Ford CEO Mark Fields said the investment is a "vote of confidence" in the pro-business environment president-elect Donald Trump is creating. However, he stressed Ford did not do any sort of special deal with Trump.

"We didn't cut a deal with Trump. We did it for our business," Fields said.

He said Ford did speak with Trump and Vice President-elect Mike Pence on Tuesday morning.

The $700 million investment will go to the Flat Rock, Mich., plant to produce more electric and self-driving cars. Ford believes electric vehicles will outsell gasoline-powered vehicles within the next 15 years.

"I am thrilled that we have been able to secure additional UAW-Ford jobs for American workers," said Jimmy Settles, United Auto Workers vice president.

Ford is planning to roll out seven new electric vehicles in the next five years, including a Mustang Hybrid.

The news is a major U-turn for Ford. Last year, the company announced it would invest $1.6 billion in Mexico to transfer the production of the Ford Focus from Michigan to Mexico to save costs.

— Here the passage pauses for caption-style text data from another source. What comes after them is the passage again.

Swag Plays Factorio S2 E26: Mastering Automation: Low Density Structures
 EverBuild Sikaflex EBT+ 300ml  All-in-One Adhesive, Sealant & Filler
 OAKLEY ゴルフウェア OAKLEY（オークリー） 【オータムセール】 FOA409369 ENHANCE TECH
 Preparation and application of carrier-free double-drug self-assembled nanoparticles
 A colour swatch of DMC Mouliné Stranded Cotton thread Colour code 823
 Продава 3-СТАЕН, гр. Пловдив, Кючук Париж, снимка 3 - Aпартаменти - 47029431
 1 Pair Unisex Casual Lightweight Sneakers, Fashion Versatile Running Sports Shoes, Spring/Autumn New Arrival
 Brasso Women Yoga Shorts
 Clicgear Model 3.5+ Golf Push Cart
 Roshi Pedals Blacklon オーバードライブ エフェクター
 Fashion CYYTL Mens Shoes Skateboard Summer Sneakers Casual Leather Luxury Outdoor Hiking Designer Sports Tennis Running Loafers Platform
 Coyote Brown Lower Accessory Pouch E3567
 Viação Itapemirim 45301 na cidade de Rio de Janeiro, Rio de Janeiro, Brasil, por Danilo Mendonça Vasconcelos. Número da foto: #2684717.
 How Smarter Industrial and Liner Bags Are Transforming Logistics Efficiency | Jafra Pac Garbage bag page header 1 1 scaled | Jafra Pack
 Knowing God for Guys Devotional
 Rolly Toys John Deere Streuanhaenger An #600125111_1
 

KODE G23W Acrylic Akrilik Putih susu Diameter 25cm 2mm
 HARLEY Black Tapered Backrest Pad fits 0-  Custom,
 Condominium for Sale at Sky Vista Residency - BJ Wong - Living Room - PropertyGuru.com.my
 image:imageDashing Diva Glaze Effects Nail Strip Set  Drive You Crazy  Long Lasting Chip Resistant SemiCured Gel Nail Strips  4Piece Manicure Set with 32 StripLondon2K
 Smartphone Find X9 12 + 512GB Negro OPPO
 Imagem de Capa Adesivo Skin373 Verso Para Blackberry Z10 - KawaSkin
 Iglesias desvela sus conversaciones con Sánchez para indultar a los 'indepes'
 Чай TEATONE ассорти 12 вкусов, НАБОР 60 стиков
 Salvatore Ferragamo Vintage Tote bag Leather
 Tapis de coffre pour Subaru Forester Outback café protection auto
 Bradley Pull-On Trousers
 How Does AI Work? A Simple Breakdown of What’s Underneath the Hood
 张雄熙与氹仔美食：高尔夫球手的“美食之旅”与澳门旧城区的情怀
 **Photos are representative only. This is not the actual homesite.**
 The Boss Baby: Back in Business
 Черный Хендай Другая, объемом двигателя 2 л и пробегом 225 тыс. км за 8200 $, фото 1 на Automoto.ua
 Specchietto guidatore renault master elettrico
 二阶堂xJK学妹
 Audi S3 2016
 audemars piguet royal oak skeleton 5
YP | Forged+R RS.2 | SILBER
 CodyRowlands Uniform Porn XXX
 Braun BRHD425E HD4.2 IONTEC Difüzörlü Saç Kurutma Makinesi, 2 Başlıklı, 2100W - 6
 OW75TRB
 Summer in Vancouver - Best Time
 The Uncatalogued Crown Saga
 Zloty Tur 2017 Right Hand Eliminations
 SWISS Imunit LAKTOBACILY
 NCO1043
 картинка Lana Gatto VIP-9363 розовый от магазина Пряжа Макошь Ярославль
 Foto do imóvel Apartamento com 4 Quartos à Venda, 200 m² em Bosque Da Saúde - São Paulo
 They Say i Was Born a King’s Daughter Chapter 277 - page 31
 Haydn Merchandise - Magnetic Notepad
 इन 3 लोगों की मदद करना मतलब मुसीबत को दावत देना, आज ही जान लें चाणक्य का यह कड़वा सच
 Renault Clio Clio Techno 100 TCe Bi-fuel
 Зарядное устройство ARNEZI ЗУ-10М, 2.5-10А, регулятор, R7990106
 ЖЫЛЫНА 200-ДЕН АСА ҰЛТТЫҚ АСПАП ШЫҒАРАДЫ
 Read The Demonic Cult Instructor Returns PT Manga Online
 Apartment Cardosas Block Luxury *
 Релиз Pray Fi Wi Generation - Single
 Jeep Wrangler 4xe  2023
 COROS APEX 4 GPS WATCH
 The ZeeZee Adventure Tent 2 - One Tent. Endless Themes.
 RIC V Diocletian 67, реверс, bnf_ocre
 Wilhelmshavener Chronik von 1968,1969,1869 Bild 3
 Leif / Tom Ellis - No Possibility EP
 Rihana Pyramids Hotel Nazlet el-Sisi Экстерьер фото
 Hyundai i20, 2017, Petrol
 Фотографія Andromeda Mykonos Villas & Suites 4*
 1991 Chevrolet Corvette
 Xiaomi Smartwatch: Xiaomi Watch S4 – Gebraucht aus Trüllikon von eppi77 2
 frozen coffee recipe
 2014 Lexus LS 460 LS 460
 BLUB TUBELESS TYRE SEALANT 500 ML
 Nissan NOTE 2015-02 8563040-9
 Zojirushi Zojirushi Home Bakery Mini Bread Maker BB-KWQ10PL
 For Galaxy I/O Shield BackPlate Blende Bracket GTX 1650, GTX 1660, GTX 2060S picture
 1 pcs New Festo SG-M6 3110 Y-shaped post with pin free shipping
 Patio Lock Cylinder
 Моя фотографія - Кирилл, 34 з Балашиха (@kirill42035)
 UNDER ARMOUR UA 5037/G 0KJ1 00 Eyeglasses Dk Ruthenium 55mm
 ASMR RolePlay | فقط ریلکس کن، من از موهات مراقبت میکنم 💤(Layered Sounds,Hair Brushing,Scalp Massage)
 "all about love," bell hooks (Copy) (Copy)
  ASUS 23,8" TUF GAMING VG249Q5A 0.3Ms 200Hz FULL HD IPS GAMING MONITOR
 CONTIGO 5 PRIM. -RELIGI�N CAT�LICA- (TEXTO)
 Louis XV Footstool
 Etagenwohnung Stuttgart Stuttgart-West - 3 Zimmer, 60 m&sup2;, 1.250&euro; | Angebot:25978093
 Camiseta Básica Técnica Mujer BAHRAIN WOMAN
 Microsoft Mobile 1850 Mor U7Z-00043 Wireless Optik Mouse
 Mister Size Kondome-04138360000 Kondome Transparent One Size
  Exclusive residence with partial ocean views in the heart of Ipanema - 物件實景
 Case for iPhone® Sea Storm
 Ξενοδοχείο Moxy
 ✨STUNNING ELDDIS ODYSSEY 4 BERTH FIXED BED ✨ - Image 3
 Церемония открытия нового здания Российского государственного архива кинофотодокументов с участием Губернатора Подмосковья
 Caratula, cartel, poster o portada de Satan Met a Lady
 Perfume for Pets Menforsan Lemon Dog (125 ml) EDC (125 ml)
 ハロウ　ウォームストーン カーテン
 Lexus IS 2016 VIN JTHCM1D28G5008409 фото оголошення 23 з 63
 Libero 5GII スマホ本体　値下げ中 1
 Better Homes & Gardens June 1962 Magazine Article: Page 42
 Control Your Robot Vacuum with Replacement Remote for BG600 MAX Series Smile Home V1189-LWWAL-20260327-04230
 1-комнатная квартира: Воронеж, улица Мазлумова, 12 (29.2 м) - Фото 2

Now the Focus will be built at an existing plant in Hermosillo, Mexico, and Ford will expand its plant in Flat Rock.

"Our announcements today are really a vote of confidence in the [U.S.] economy," Fields said.

Trump repeatedly slammed Ford on the campaign trail, claiming the company was moving good manufacturing jobs to Mexico. He vowed to slap a 35 percent tariff on Ford vehicles made in Mexico and sold in the U.S.

Ford fought back against Trump's rhetoric, saying he had his facts wrong and that the company never planned to cut any U.S. jobs.

Ford employs 85,000 Americans, up 28,000, or nearly 50 percent, in just the past five years. In Mexico, Ford employs 8,800.